It would be bad of Cree if pot would need to be 10KOhm, it would mean that internal resistor is just 1kOhm, 10mA current flowing from sense wire to ground when set to minimum dimming (wires connected directly or pot turned all the way down). I think they would like to keep it around 1mA top but you never know.
If OP is up to it he can find exact value of internal resistor.
Get 100kOhm pot and multimeter.
Measure voltage of sense wire when disconnected (multimeter between sense wire and ground wire of dimmer input). It should be ~11V
Torn pot somewhere to the middle, measure its resistance between lets call it left pin and middle one. Adjust pot to about 25kOhm (you can use resistor with similar value, I would use 20-50kOhm).

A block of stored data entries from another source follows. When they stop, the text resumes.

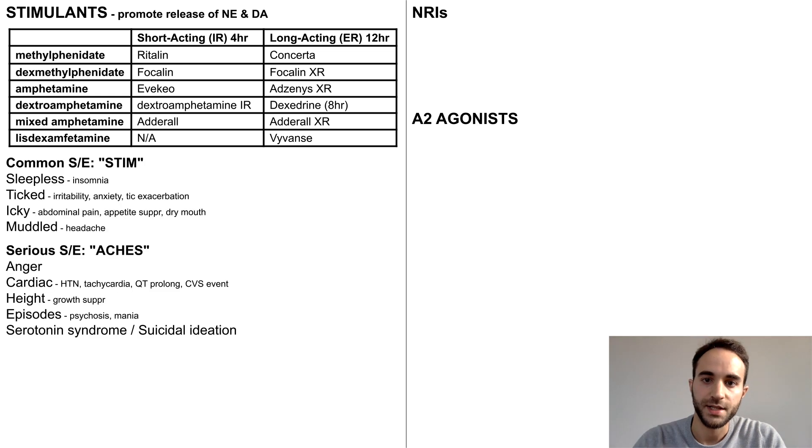Common side effects of stimulants can be remembered with the mnemonic STIM: Sleepless, referring to insomnia; Ticked, referring to both irritability and exacerbation of tics; Icky, referring to GI side effects; and Muddled, referring to headaches.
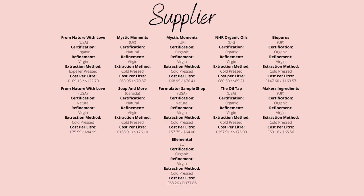For suppliers, we use Makers Ingredients, who supply organic broccoli oil for only £59.16 per litre, while those in the US try Formulator Sample Shop, who sell natural broccoli seed oil for about the same price per litre.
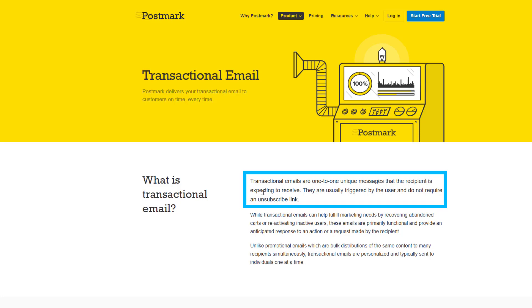Transactional emails are messages that the recipient is expecting to receive. They are usually triggered by the user and do not require an unsubscribe link. This is crucial — if you start sending marketing or promotional emails using Postmark, your account will be banned. That keeps the system very clean, and to the best of my knowledge all emails sent through it have reached the intended recipient.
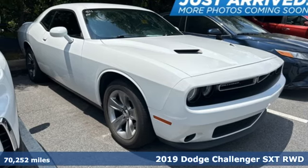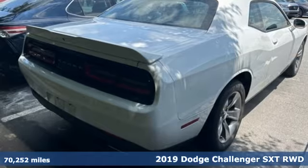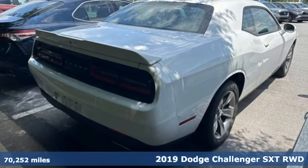It's a 2019 Dodge Challenger. Dodge doesn't do middle-of-the-road, leave average in the dust.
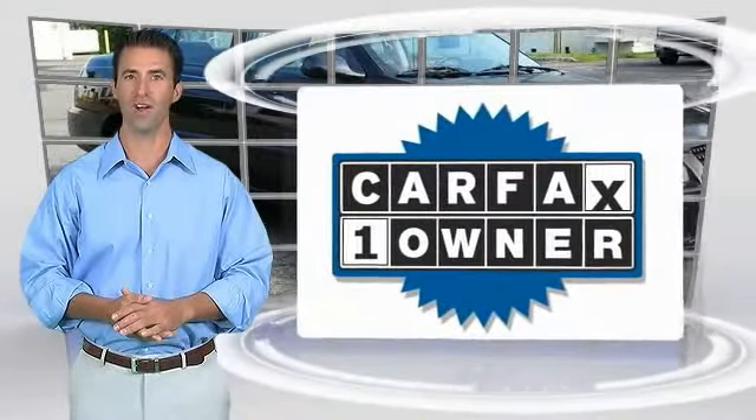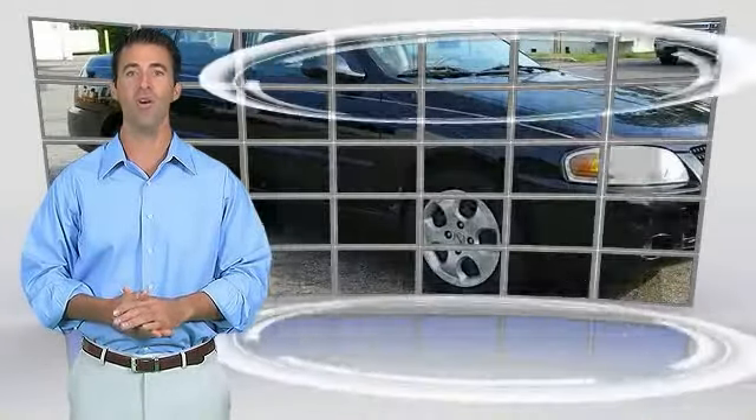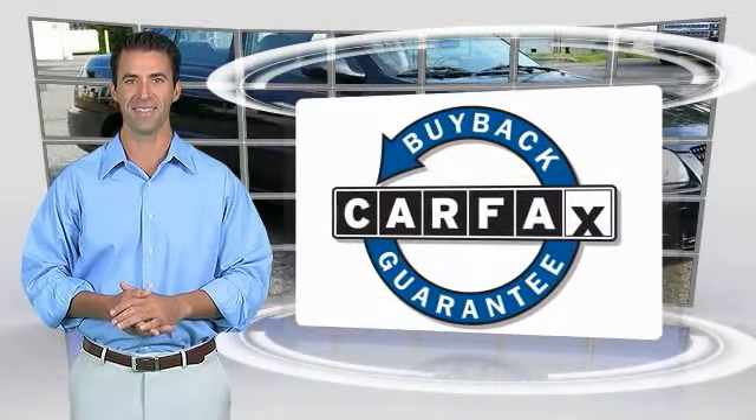This is a one-owner vehicle with the Carfax Vehicle History Report. Be sure to find a complimentary copy of this report online or contact the dealership. This vehicle qualifies for the Carfax Buy Back Guarantee.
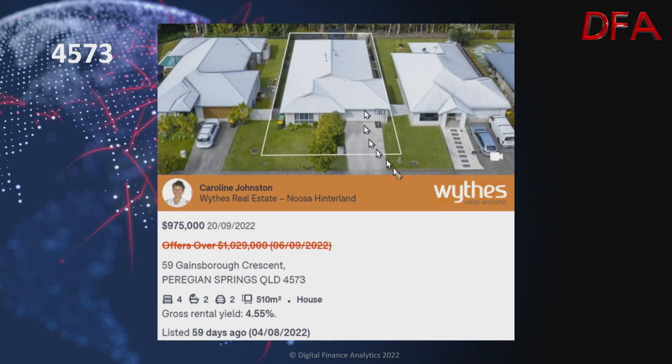The typical borrower is putting 42% of their income to the mortgage, which is $2,400. The typical renter is putting 43.3% of their income on rent at $2,441. Here's another property example in the same area at Peregian Springs — a house on 510 square metres, four bedrooms, two bathrooms, two cars, with a gross rental yield of 4.55%. Listed 59 days ago on the 4th of August, on the 6th of September it was listed at offers over $1.029 million, and on the 20th of September it was reduced to $975,000.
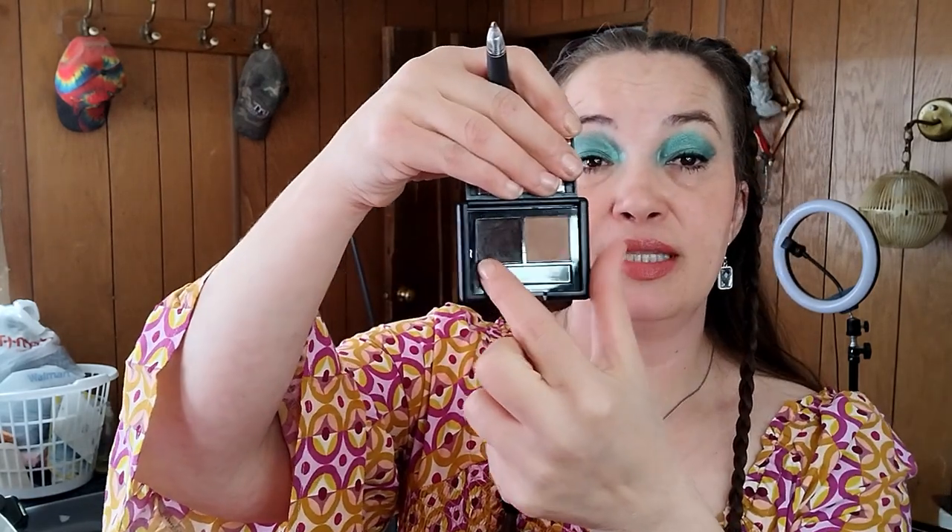Then we have my elf eyebrow kit and I used that a total of 20 times. I just use this one color right here, so I'm going to be keeping that.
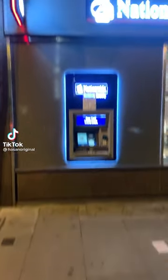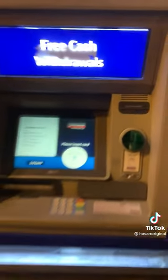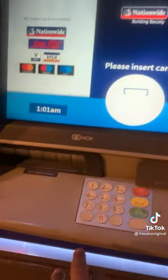I want to show you what happened to me at a cash point today. It's the Nationwide Building Society on Streatham High Road. I came to the cash point and inserted my card. I wanted to draw out some money so I typed in my pin.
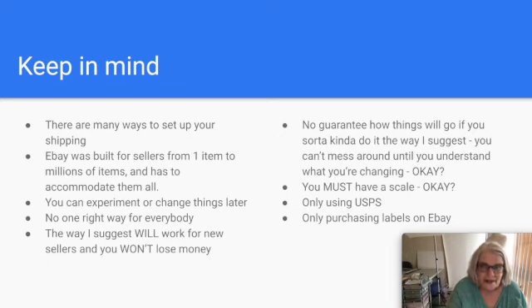I'm talking primarily to used clothing sellers, but you can sell anything with this method if you follow my rules and you won't lose money on shipping. There's no guarantee if you sort of kind of do it my way but fudge a little, cut a corner, or tweak one thing. Don't mess around with this method until you understand what you're changing.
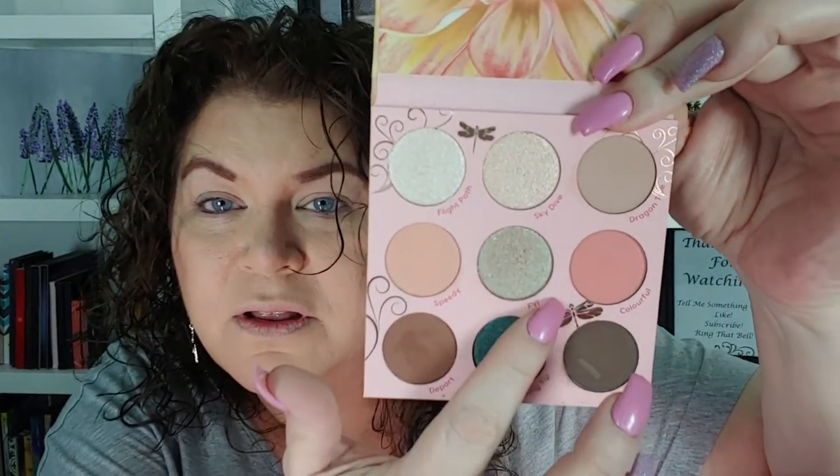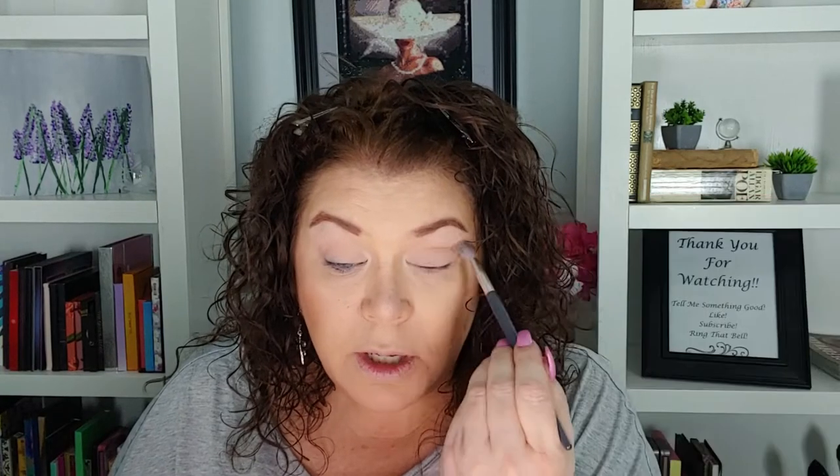We are not doing a bingo because it's only a nine-pan palette, but we're just doing our thing. I love the little dragonfly and the scroll work — it's so pretty. This is Leanna and I's third one-on-one. We've been in a lot of group collabs together, but she is one of my best good friends and I am super excited for this. I'm going to go into that Speedy and put that in my transition area — that is a very, very pretty palette.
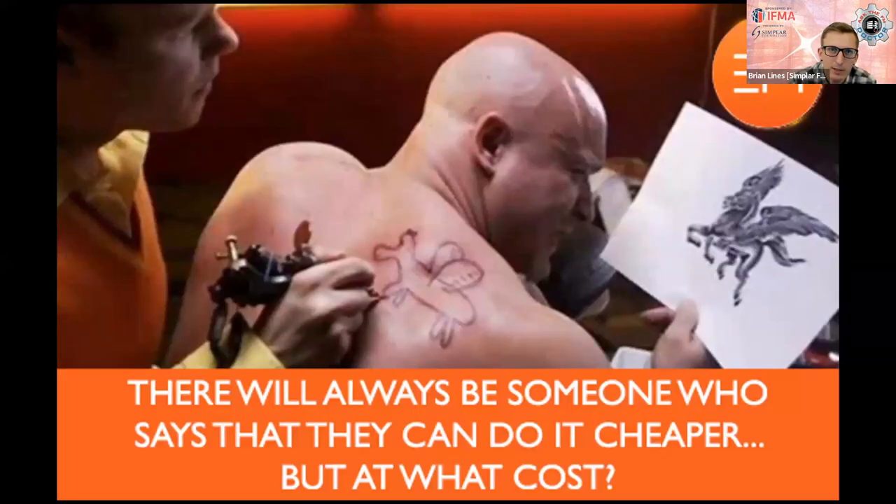That's a lot different than just having a purely good scope. There are challenges around scoping, and also challenges around how we solicit and select our external service providers. If we're overly price-focused — and I know financial constraints are always a challenge — there's always someone who will pretend they can go lower, and the result can be as pictured here. That upfront procurement promise can be misleading.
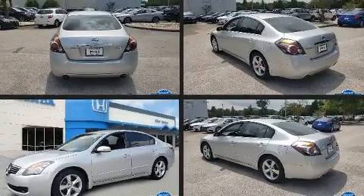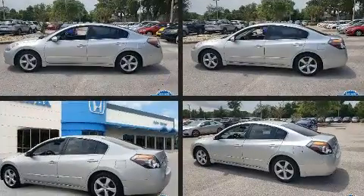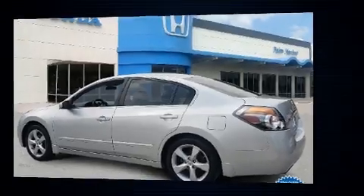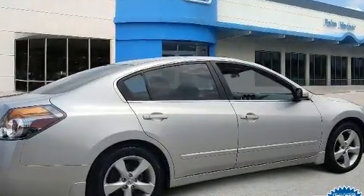Climb inside the 2008 Nissan Altima. This four-door, five-passenger sedan provides exceptional value. Under the hood, you'll find a six-cylinder engine with more than 270 horsepower, providing a smooth and predictable driving experience.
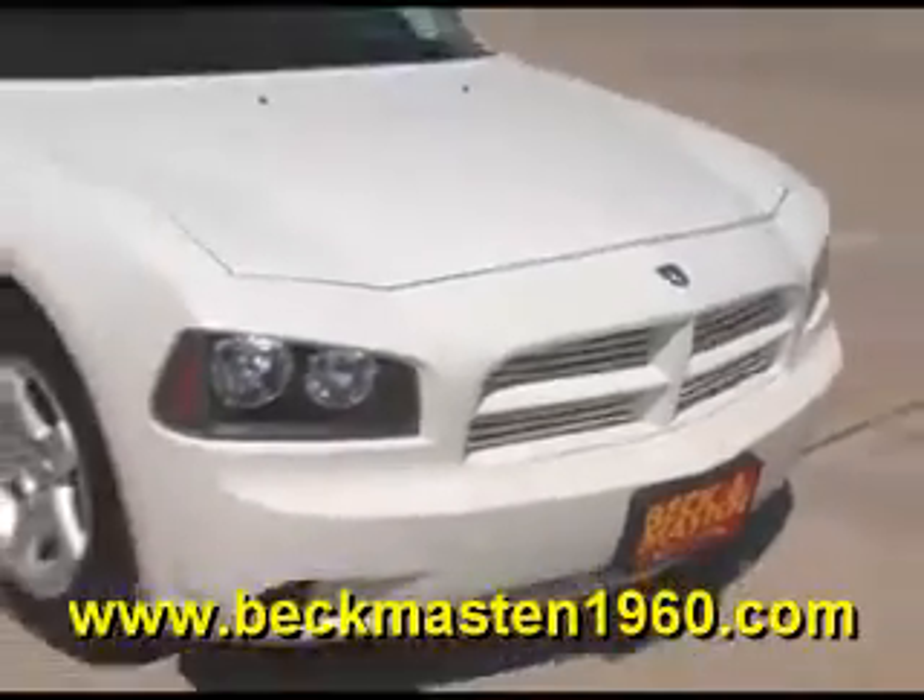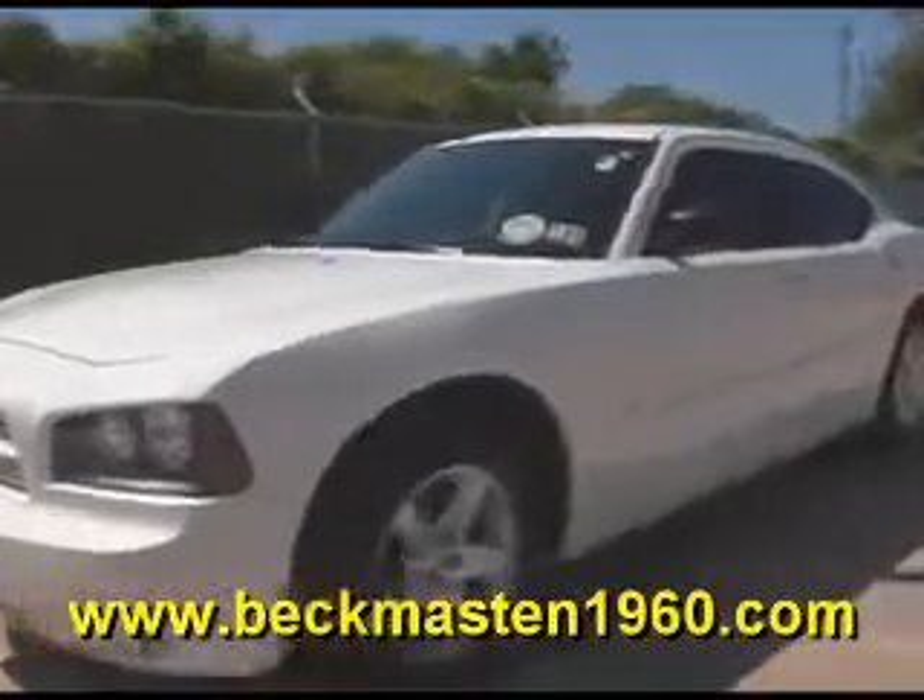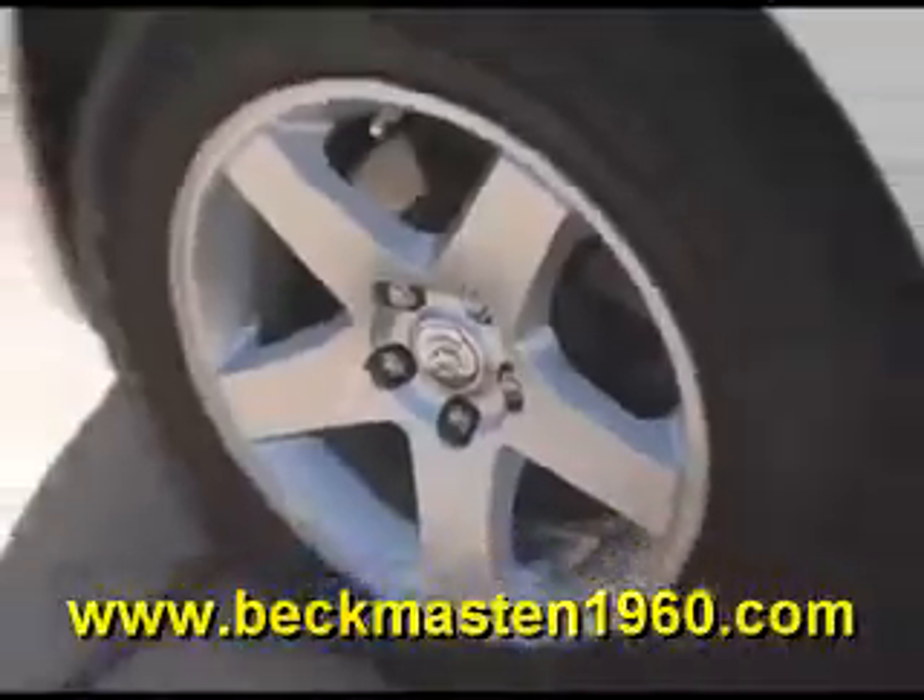Beckham Master 1960 proudly presents this 2009 Dodge Charger. This white Charger is in excellent condition and features alloy wheels.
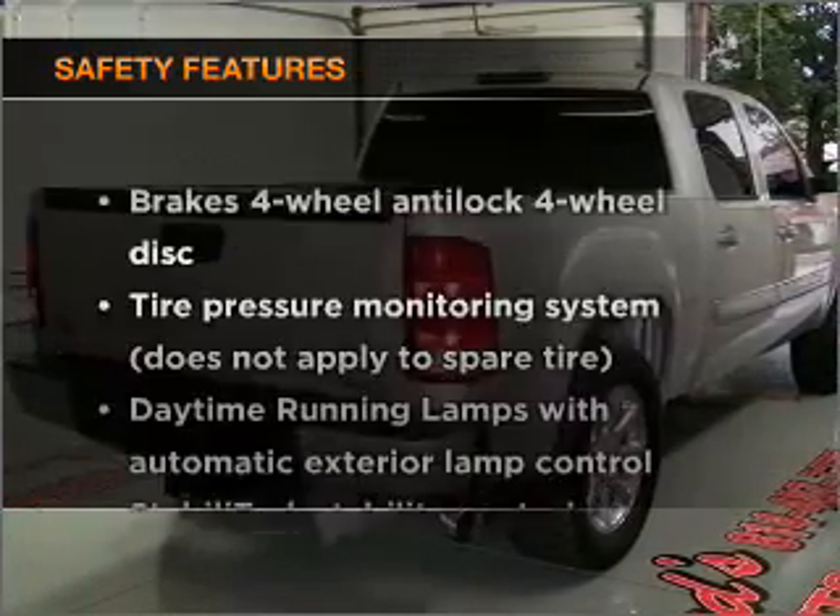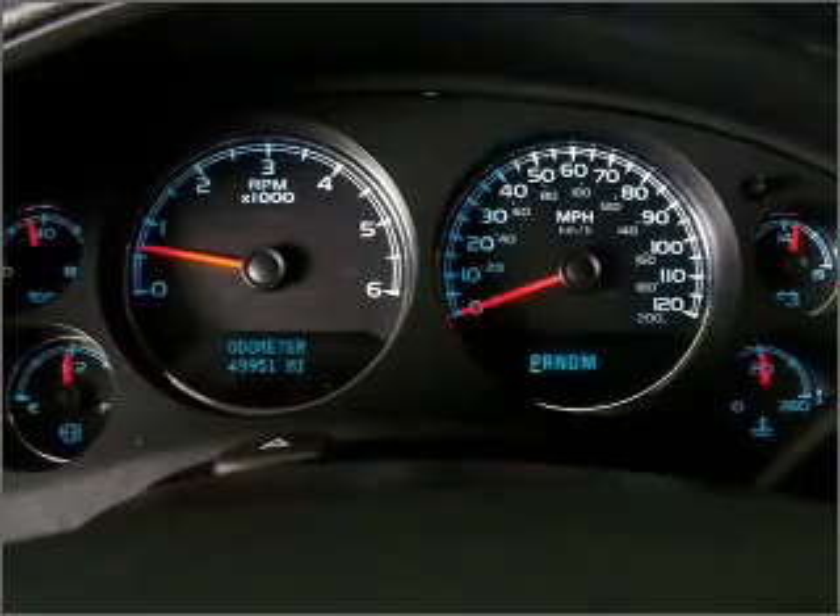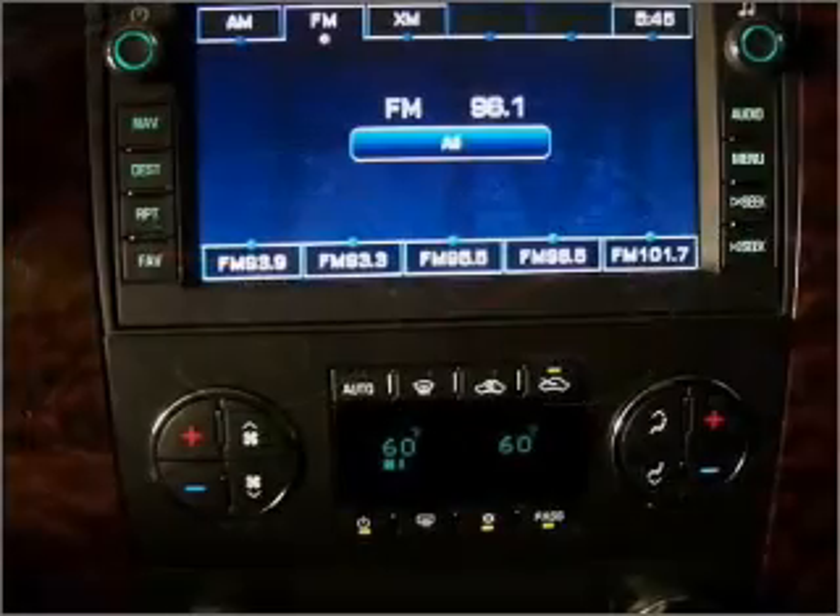If safety is a high priority, rest assured knowing that these top safety components are included: stability control. Call today to schedule a test drive.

Connect the same pins to dimmer input.
Measure voltage across them.
Now you have Rp (resistance of pot), Vi (input voltage to divider measured in step 1 when sense wire is disconnected and current is not flowing thru internal resistor), and Vp (voltage across pot).
From this internal resistor value Ri is Rp/(Vi/Vp-1)
Once you know Ri best pot would be one with 10 times bigger resistance or little more (assuming open sense pin has 11V, if it is closer to 10V then dimming pot needs to be x times bigger that difference between open pin voltage is bigger than 10V, e.g., if open pin voltage is 10.5V then pot needs to be 20 times bigger resistance then internal resistor), logarithmic preferably (because one part of divider is constant and linear will not change Vp quickly enough to see difference).